One of the challenges facing the international community is to achieve sustainable development. Sustainable development has three pillars— economic development, social development, and environmental protection.1 It entails “…balancing the economic, social, and environmental objectives of society…integrating them wherever possible through mutually supportive policies and practices and making trade-offs where (this) is not possible. This includes, in particular, taking into account the impact of present decisions on the options of future generations.”2 In September 2000, the member states of the United Nations underscored the importance of sustainable development by re-affirming the Millennium Development Goals (MDGs), a set of time-bound targets for improving human development along several important dimensions.3
Fiscal policy—the range of the government’s taxing and spending decisions—has important effects on all aspects of sustainable development: economic, social, and environmental. Fiscal policy affects sustainable development through its effects on growth, the environment, and human resource development. These effects operate at both a macroeconomic level and through the myriad ways in which governments’ tax and spending decisions affect incentives to work, spend, save, and invest.
Fiscal policy is central to the work of the IMF. The IMF’s mandate is to promote international monetary cooperation, the balanced growth of international trade, foreign exchange rate stability, and orderly foreign exchange arrangements among countries. Fulfilling this mandate is the IMF’s primary contribution to sustainable development. Within this general setting, fiscal policy plays a key role in all three main aspects of the IMF’s work: IMF-supported programs, surveillance, and technical assistance.

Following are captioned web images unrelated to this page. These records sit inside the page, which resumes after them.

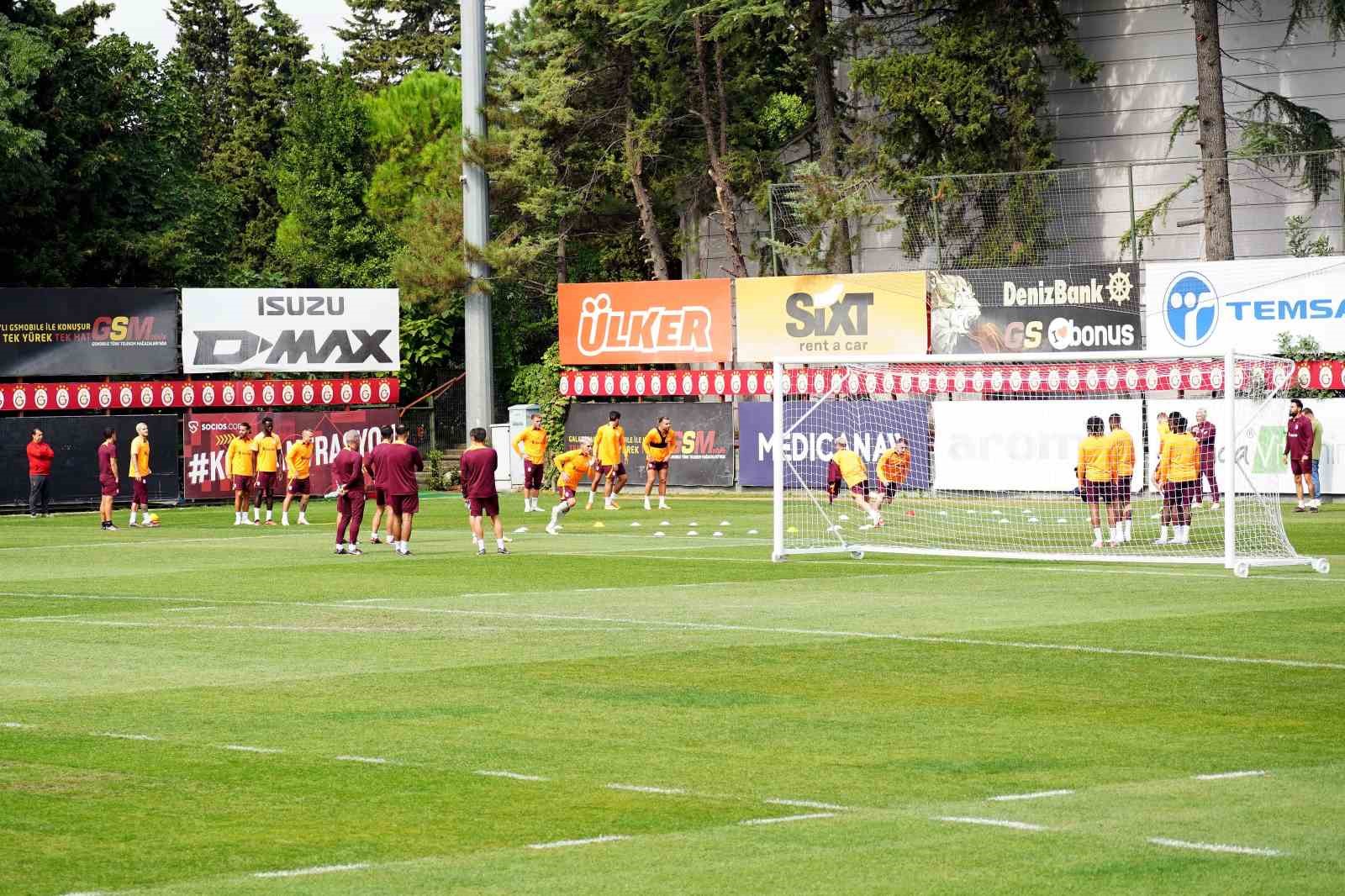 Galatasaray, Manchester United maçı hazırlıklarını tamamladı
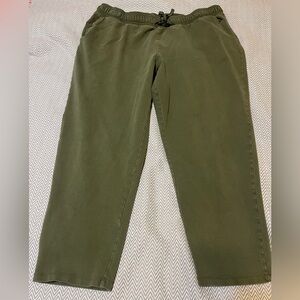 A New Day olive green cropped pants. Drawstring elastic waist. Pockets. Size XL.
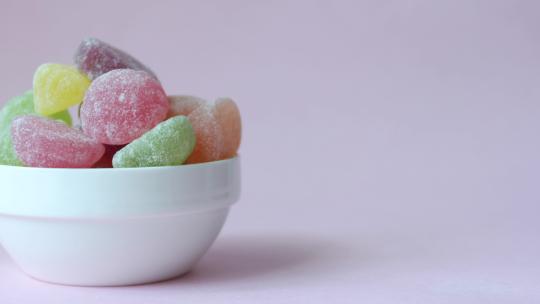 桌上碗里的彩色糖果甜果冻视频素材模板下载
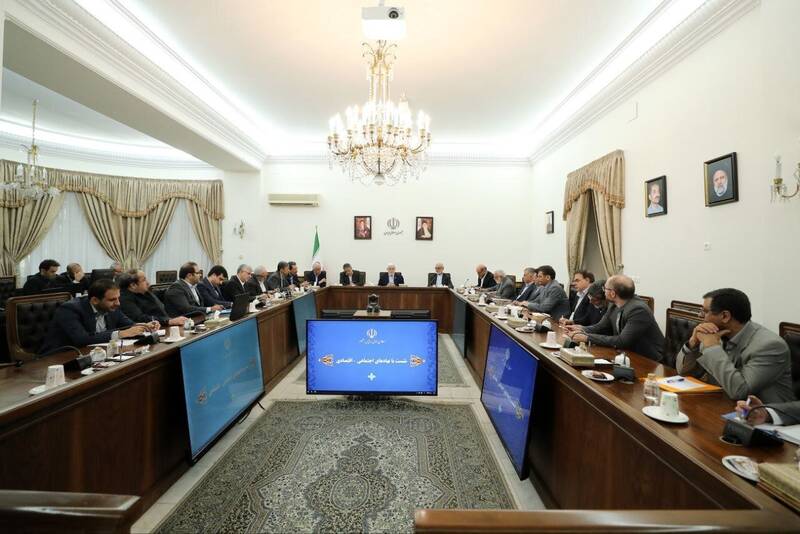 دولت،نهادهاي،جنگ،معاون،عمومي،عارف،روزه،تاكيد،شرايط،اقتصادي،ف ...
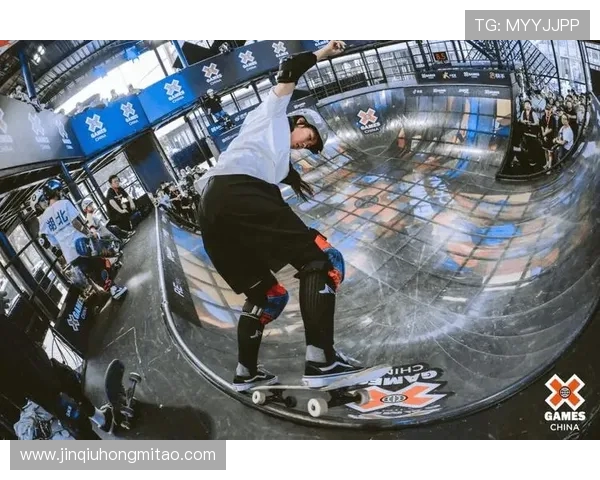 重庆滑板队在极限运动嘉年华中的精彩表现与技术分析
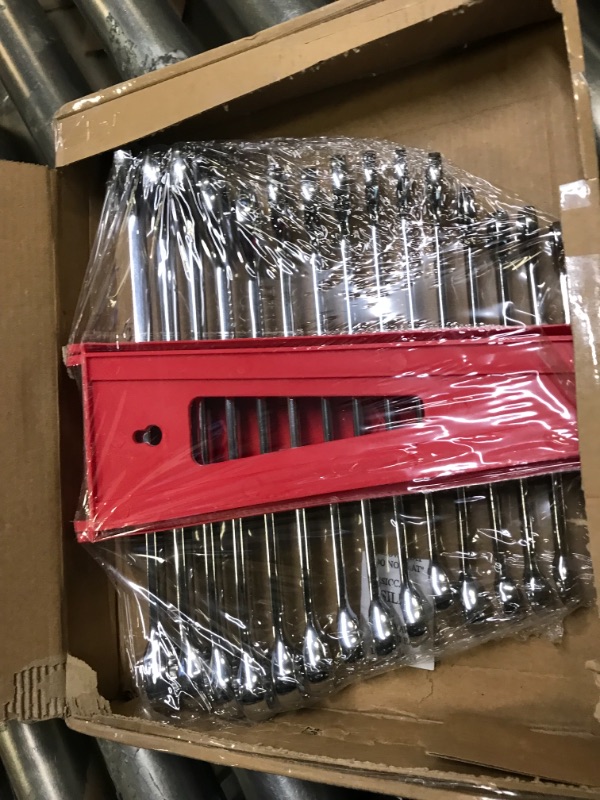 Photo 2 of 15-PIECE WRENCH SET 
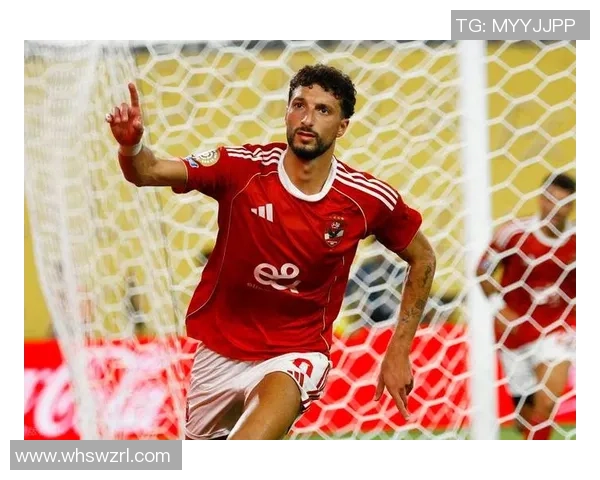 足球明星阿里戴伊的传奇旅程与对足球的深刻影响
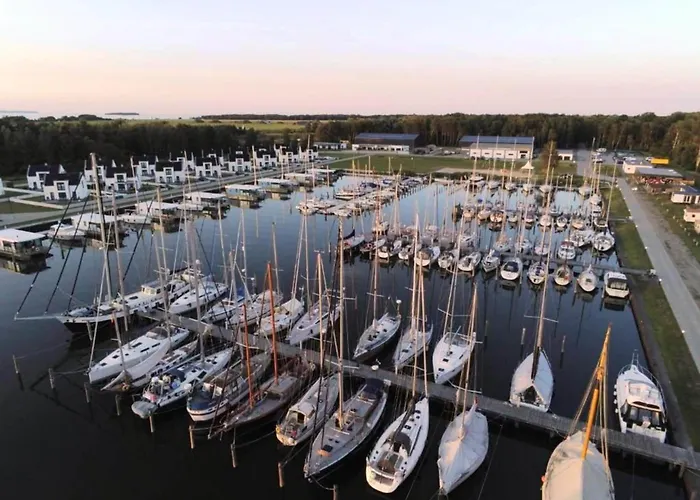Am Yachthafen In *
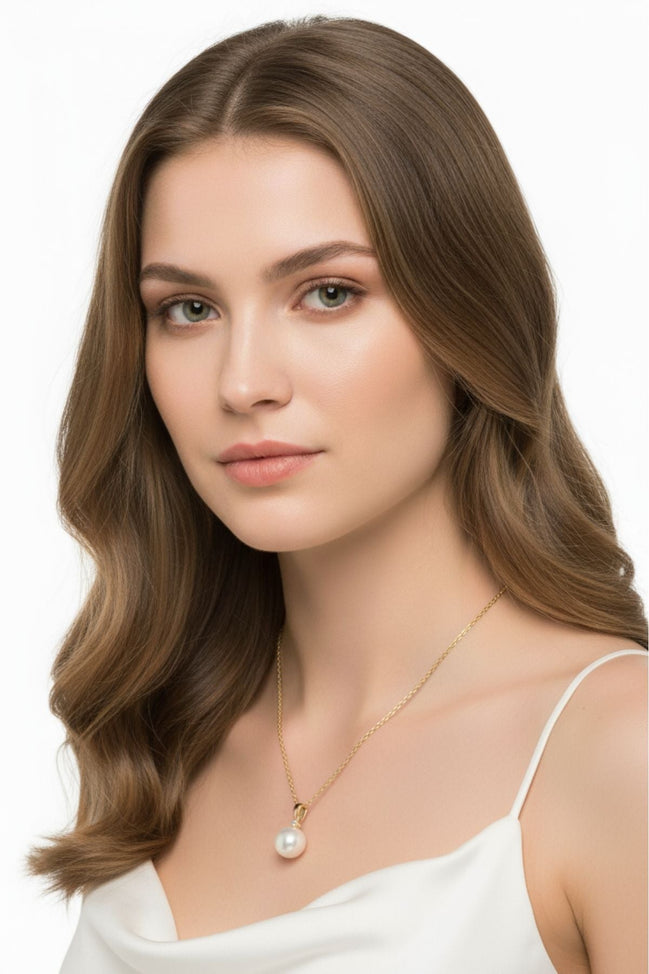 Four-Pronged Diamond Natural Pearl Necklace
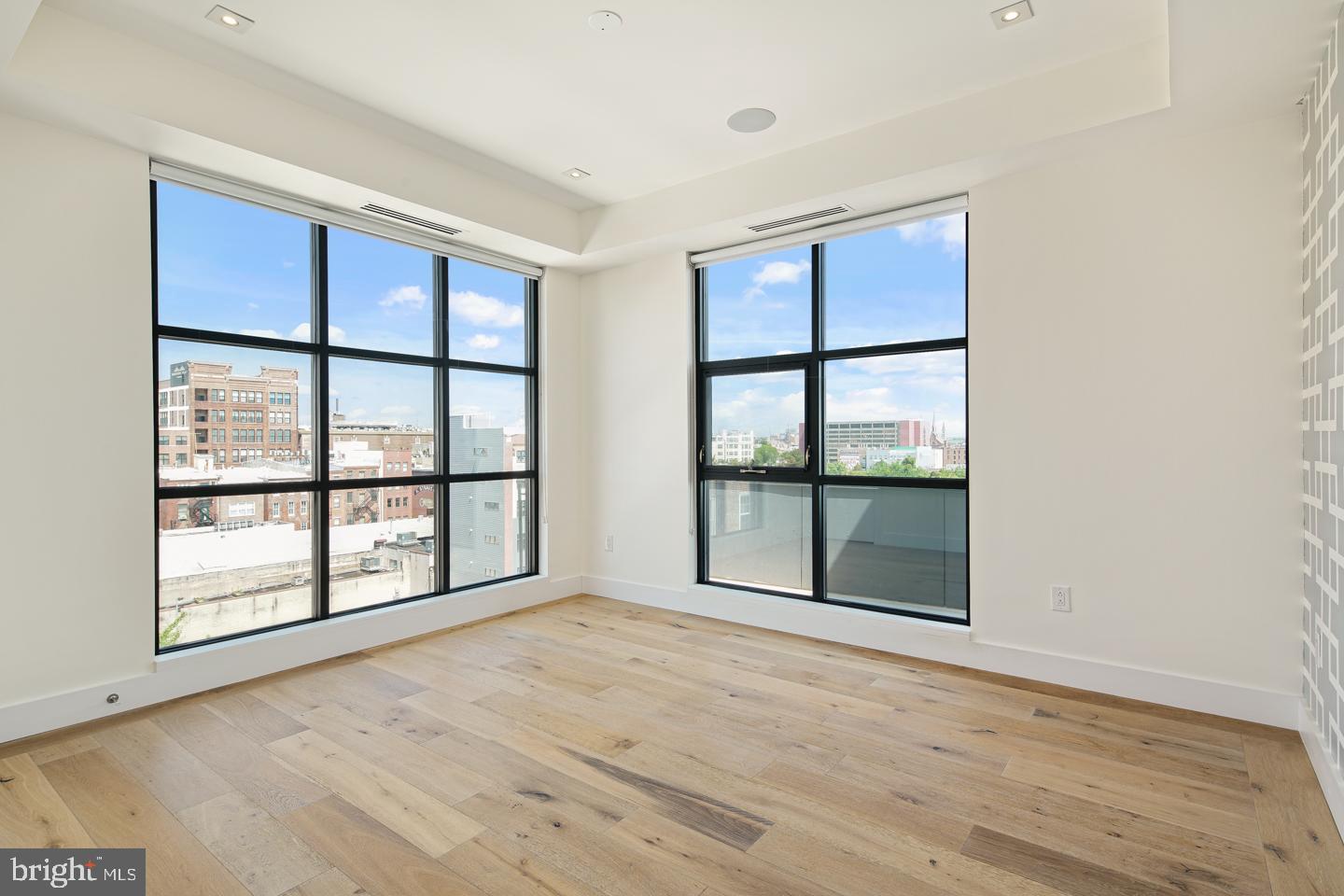 240 N 2ND ST #UNIT 5W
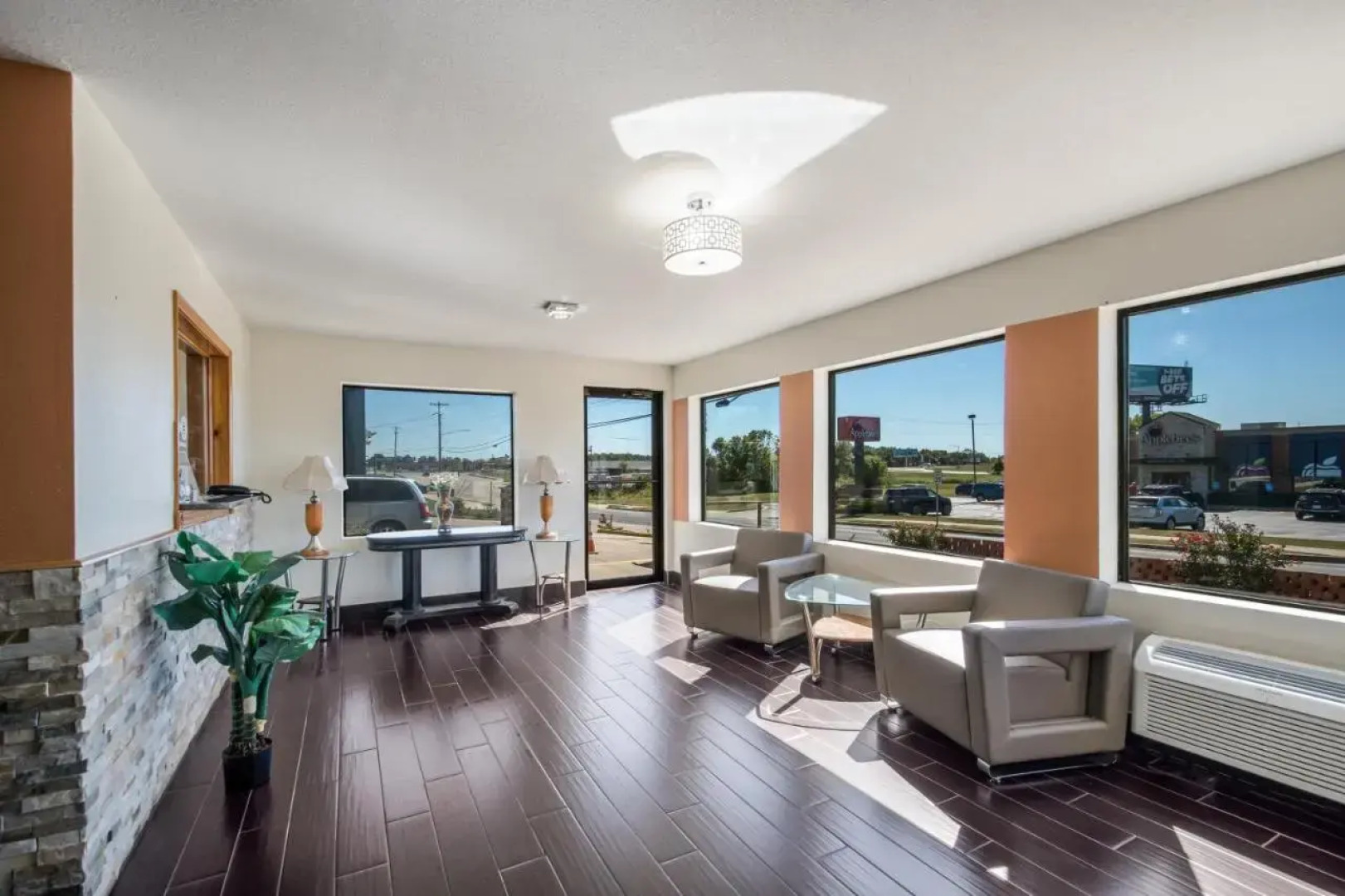 Super 8 Harrisonville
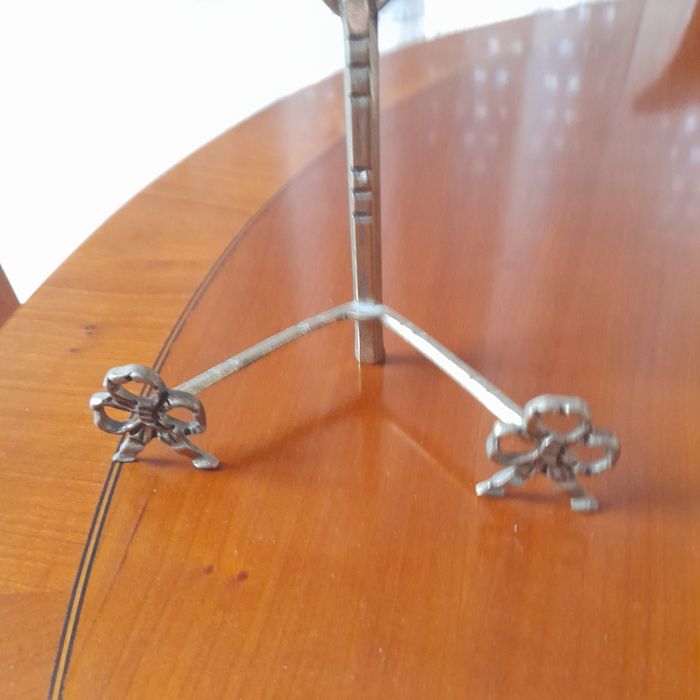 Suporte para prato em bronze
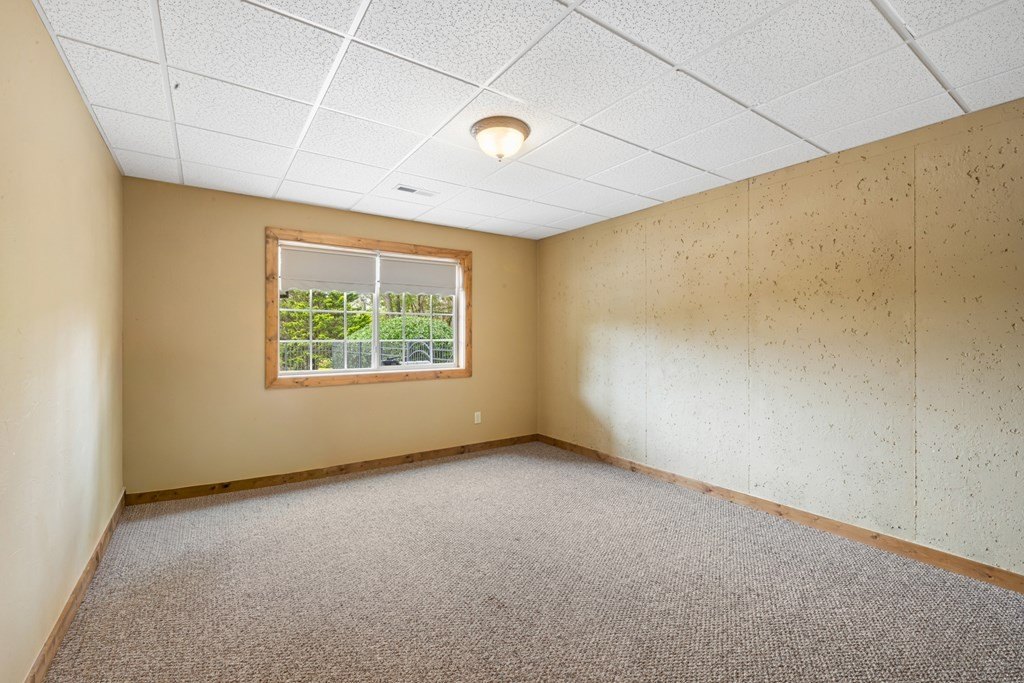 Hayesville, North Carolina, 28904, United States, 3 Bedrooms Bedrooms, ,4 BathroomsBathrooms,Residential,For Sale,1974136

In IMF-supported programs in countries facing balance of payments crises, the IMF often finds that reestablishing the credibility of the government’s fiscal position is key to restoring sustainable growth. In its support to low-income countries, the strengthening and reorientation of tax and spending structures often has a central role. In its surveillance work, the IMF often focuses on the sustainability of the fiscal position as a key to preventing crises. Indeed, it is the prevention of crises—the burden of which often falls on the poor—that the IMF sees as one of its major contributions to sustainable development. In its technical assistance work, the IMF responds to countries’ requests for expert advice in improving their tax and spending systems.
This paper explores the relationships between fiscal policy and sustainable development and how the IMF seeks to promote sustainable development in its fiscal policy advice. The paper also discusses lessons learned thus far and how governments, the international community, and international financial institutions (IFIs) can more fully support sustainable development.